Option 1: Docker Compose (Fastest)
curl -O https://raw.githubusercontent.com/waelouf/unweb/main/docker/docker-compose.yml
docker-compose -f docker-compose.yml up
Visit http://localhost:8081 and paste HTML or upload a file.
Option 2: API Usage
# Convert HTML from stdin
curl -X POST http://localhost:8080/api/convert/paste \
-H "Content-Type: application/json" \
-d '{"html":"<h1>Hello AI</h1><p>Clean content for agents</p>"}' \
| jq -r '.markdown'
# Output:
# # Hello AI
#
# Clean content for agents
Option 3: Kubernetes
kubectl apply -f https://raw.githubusercontent.com/waelouf/unweb/main/kubernetes/all-in-one.yaml
Why We Built This
As developers working with AI agents, we kept running into the same problem: getting clean content into our systems. We tried:
- Browser automation (slow, resource-heavy)
- Generic HTML parsers (too much noise)
- Manual preprocessing (doesn’t scale)
- Commercial APIs (expensive, vendor lock-in)
We needed something that was:
- Fast: Process thousands of pages
- Accurate: Smart content extraction
- Self-hosted: Control your infrastructure
- Free: Open source, deploy anywhere
So we built UnWeb.
The Technical Stack
For the curious:
Backend:
- ASP.NET Core .NET 10 (Minimal APIs)
Frontend:
- Vue 3 with Vite
- File upload + paste support
Deployment:
- nginx for static frontend
- Separate containers for frontend/backend
- Path-based routing via ingress
CommonMark, Not GitHub Flavored
UnWeb outputs strict CommonMark, not GitHub Flavored Markdown.
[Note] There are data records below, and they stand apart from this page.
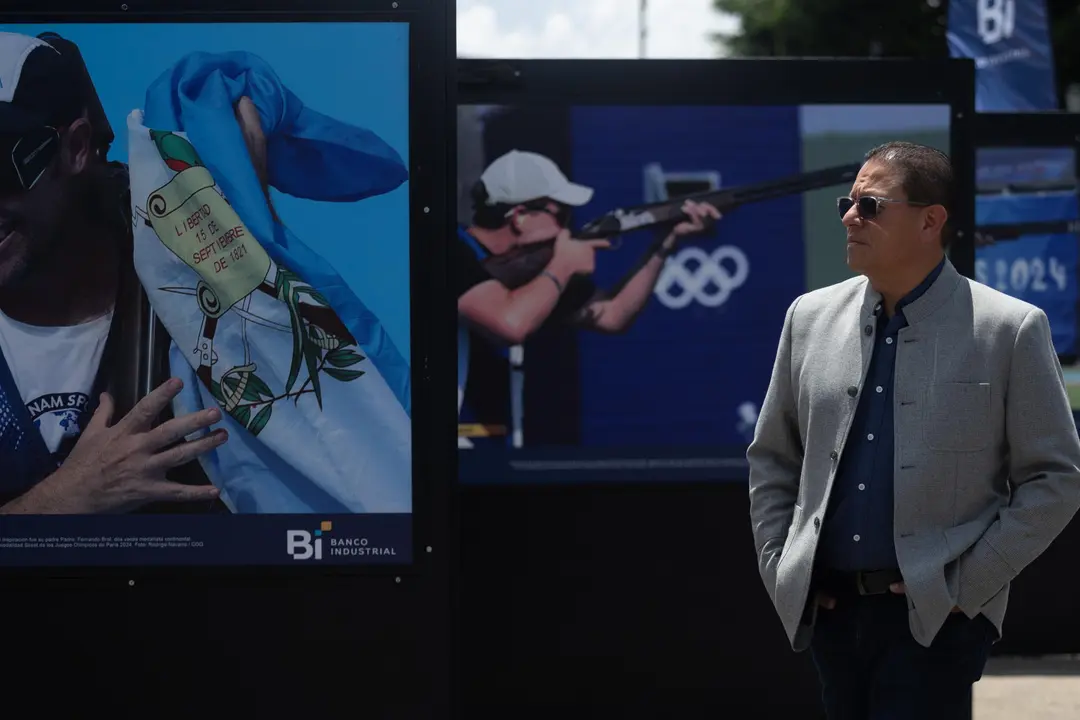 Un hombre visita la exposici&oacute;n fotogr&aacute;fica sobre la participaci&oacute;n de atletas guatemaltecos en los Juegos Ol&iacute;mpicos Par&iacute;s 2024 en la Plaza de la Constituci&oacute;n en la Ciudad de Guatemala (Guatemala). EFE/ David Toro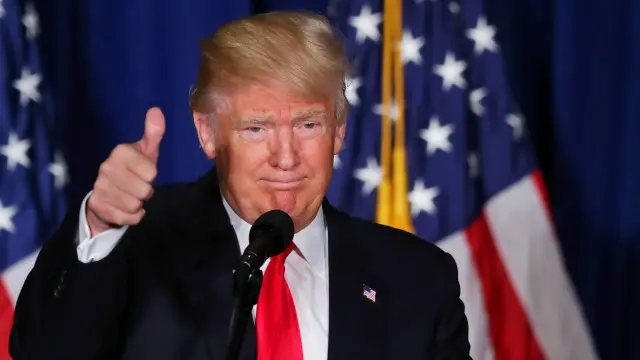 Donald Trump berikrar akan "merontokkan karat yang ada pada kebijakan luar negeri AS".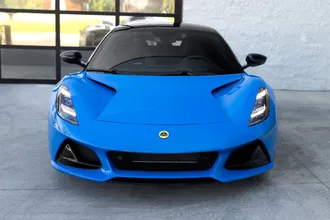 2024 Lotus Emira photo 4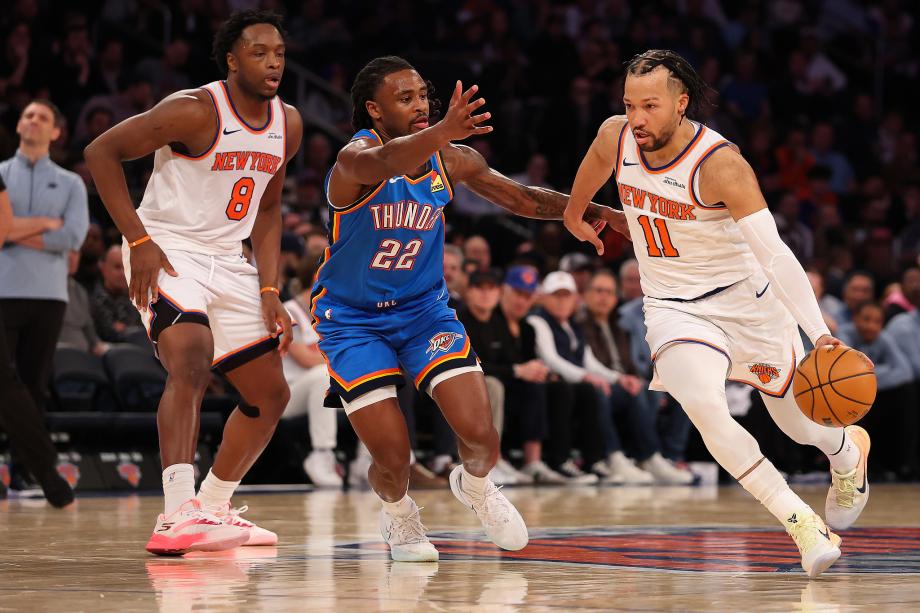 霍姆格伦28+8唐斯17+17 雷霆3分险胜尼克斯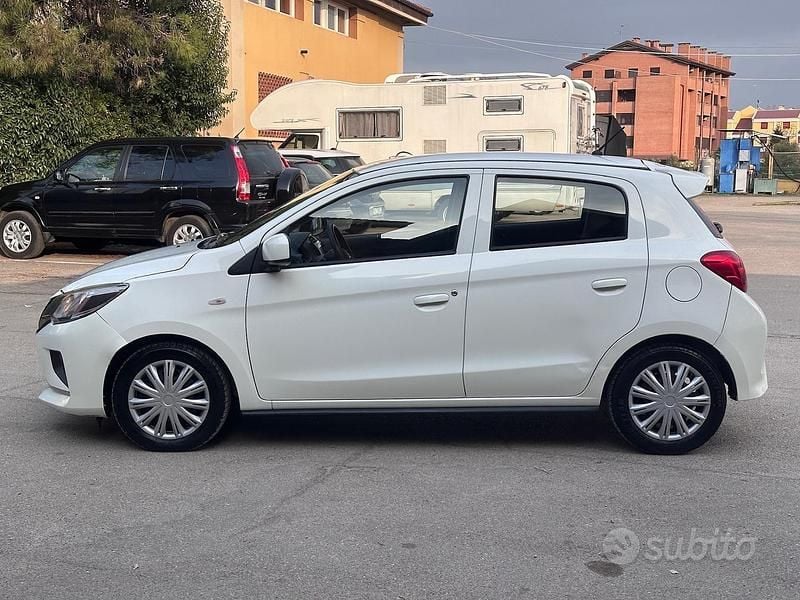 Usata Mitsubishi Space Star 80 CV (58 kW) 2021 Bianco Utilitaria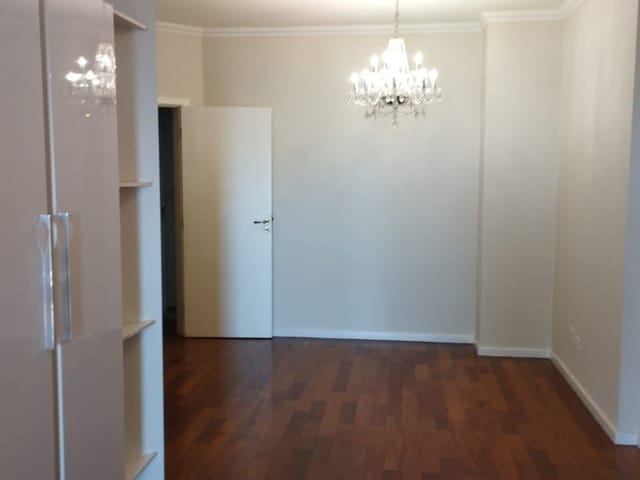 Foto do Apartamento - Venda | Apartamento Amplo com 3 Dormitórios, 2 Vagas Paralelas, Lazer Completo e Localização Privilegiada | Zona 01 | Benites & Gonzaga Imóveis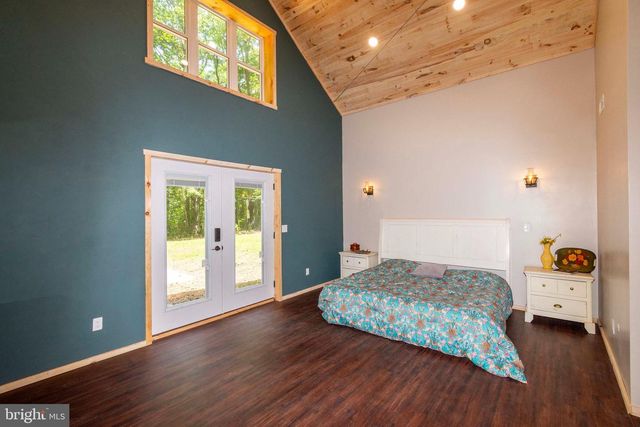 18184 CRAWFORD LN, Gordonsville, VA 22942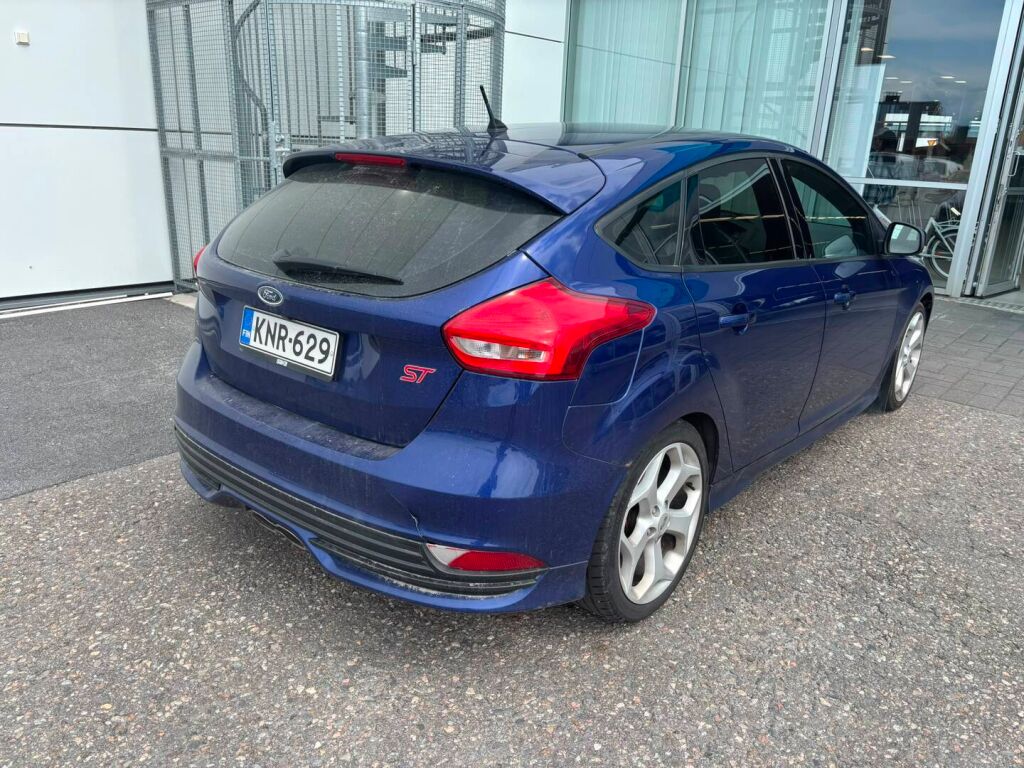 Ford Focus 2016 Sininen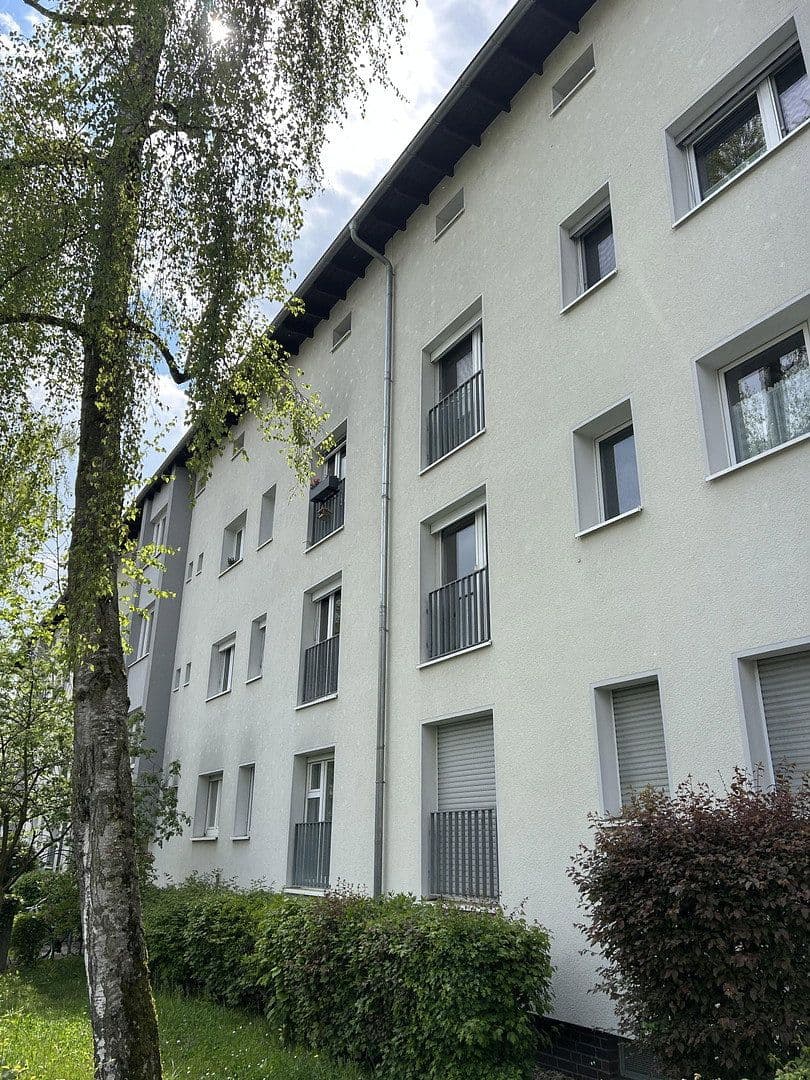 Pronájem bytu 3+1 80 m², Walter-vom-Rath-Str. 33, Frankfurt, Hessen Pronájem bytu 3+1 80 m², Walter-vom-Rath-Str. 33, Frankfurt, Hessen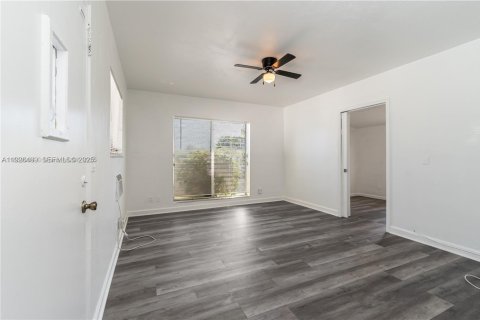 Casa en venta en Boynton Beach, Florida, 3 dormitorios, 92.9 m2 № 1986357 - foto 6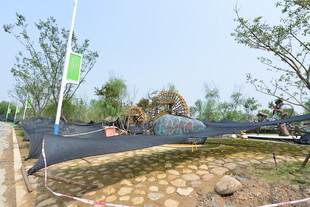 户外施工场景中的道路建设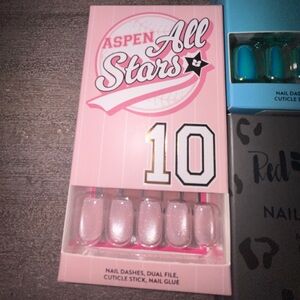 Red Aspen Acrylic Nail Dashes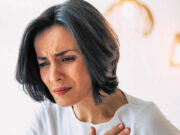 पुरुषों से अलग होते हैं महिलाओं में हार्ट अटैक के लक्षण, हल्के में नहीं लेने चाहिए ये 8 संकेत 8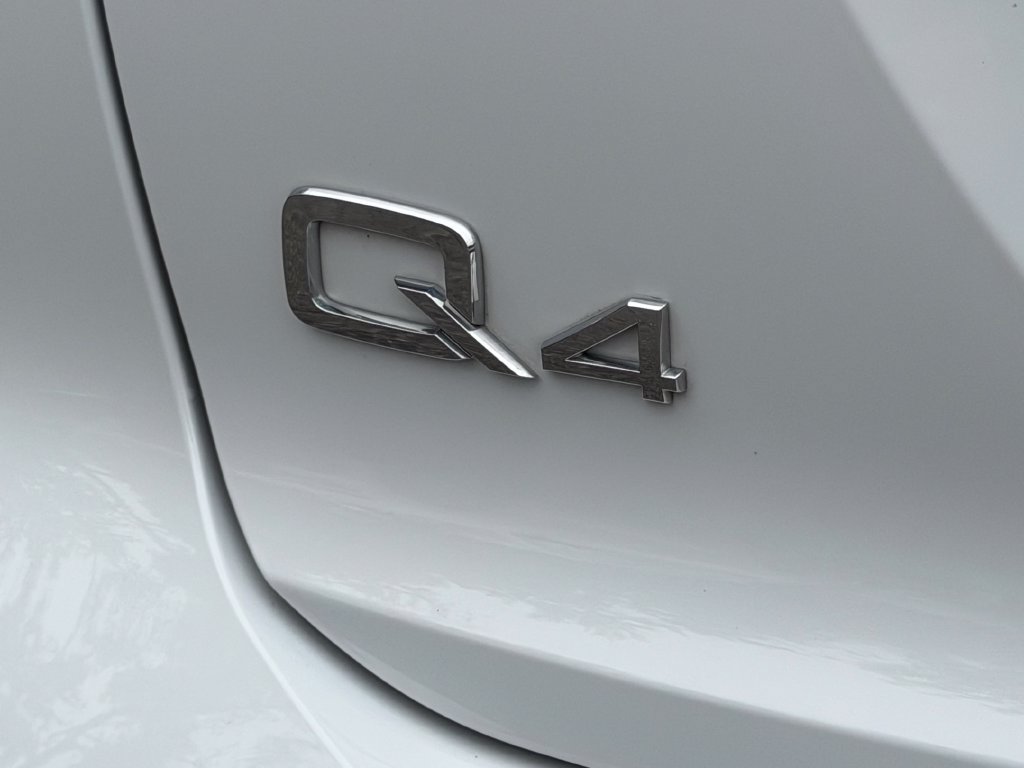Used 2024 Audi Q4 e-tron Premium AWD/4WD image 27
This was intentional:
Why CommonMark?
- Universal standard
- Predictable parsing
- Better for LLMs (less ambiguity)
- Smaller output (no GFM extensions)
If you need GFM, the conversion is straightforward.
What’s Next for UnWeb
We’re keeping it focused, but here’s what’s on the roadmap:
Phase 2:
- URL fetching (pass a URL, get markdown back)
- Batch processing UI
- Custom extraction rules
Phase 3:
- Conversion history
- API authentication
- Webhook support for CI/CD
Maybe:
- Browser extension
- CLI tool
- Language bindings (Python, JavaScript)
Try It for Your AI Workflow
If you’re building AI agents that need to consume web content, give UnWeb a shot:
- Clone/Deploy: Get it running in 2 minutes
- Test with your content: Throw real HTML at it
- Measure the difference: Compare token usage before/after
- Integrate: Add it to your AI pipeline
Links:
- Deployment Repo: github.com/waelouf/unweb
- Docker Images: hub.docker.com/u/waelouf
- Documentation: See the README
Final Thoughts
We’re in the age of agentic AI. Your AI assistants, research agents, coding copilots—they all need clean, structured content to work effectively.
HTML was built for browsers. Markdown is built for humans (and now, AI agents).
UnWeb is the bridge.
It’s not glamorous infrastructure. It won’t make headlines. But it’s the kind of tool that makes your AI systems work better, cost less, and scale further.
And that’s exactly what good infrastructure should do.